I cannot help but to comment having been mentored on the Market Profile.

The key is to observe where the market opens relative to the previous day's Value Area. If the market opens above the VA and then proceeds to breach the previous day's high, then the market is unlikely to return to the previous day's VA.

If the market opens above the previous day's VA, and enters the VA, then we can expect the market to return to the previous day's range, after the market breaches the previous day's high.

If the market opens within the previous day's VA, then any breach of the previous day's high will be accompanied by a return to the previous day's range.

In Market Profile terms, an opening above the previous day's VA that is followed by a breach of the previous day's high is likely to result in a one-time frame market up day.

For the other two scenarios, the market is likely to form a rotational day.

Martin Aston said...

Hi Brett,
I am a european timezone trade.

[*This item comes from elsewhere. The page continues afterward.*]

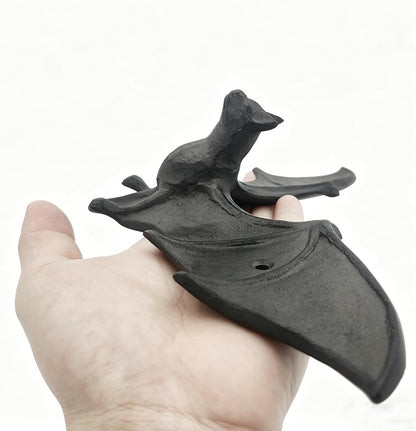 Coat Hooks Wall Mounted, Rustic Bat Key Hook Holder, Heavy Duty Decorative Black Wall Hooks for Mudroom, Towels, Hat Rack, Purse Hooks, Cast Iron Decorative ‎Antique Black Hooks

When compiling your stats on , say, the s & p , do you include the overnight session , or just the day session ?
Also what effect do you think the overnight sessions have on ORB plays. Do they make them less viable?

robin said...

Thanks Brett for all the time and work to deliver your research to us. I have never recieved as much help from as you have given to us traders. Have you ever compiled studies towards the 30 year bond futures? thanks for everything!

Brett Steenbarger, Ph.D. said...

Hi AnaTrader,

Yes, the placement of the prior day's value area (and value on a longer term basis) is an important contextual factor to consider in gauging breakout attempts. Thanks!

Brett

Brett Steenbarger, Ph.D. said...

Hi Martin,

I'm looking at SPY in these posts, so it's day session data only. I have looked at ORB patterns and odds of breakout, but never as a function of overnight action.

Brett

Brett Steenbarger, Ph.D. said...

Hi Robin,

Thanks for the comment! I'm afraid I'm a dyed-in-the-wool equity trader; I haven't studied fixed income. But it seems to me that the same framework for gauging likelihood of moves could apply to bond futures--or any trading instrument with daily OHLC data.

Brett

janakiram said...

I am amazed at your insight into the historical data on the S&P 500 index. I am interested if you can enlight me on the trend reversals which takes place within a day's trading in the S&P 500 index.What I mean is if the S&P500 opens higher and trader higher for most of the session is it likely close higher at the end of the day as compared to the start of the day. Thanks for your attention.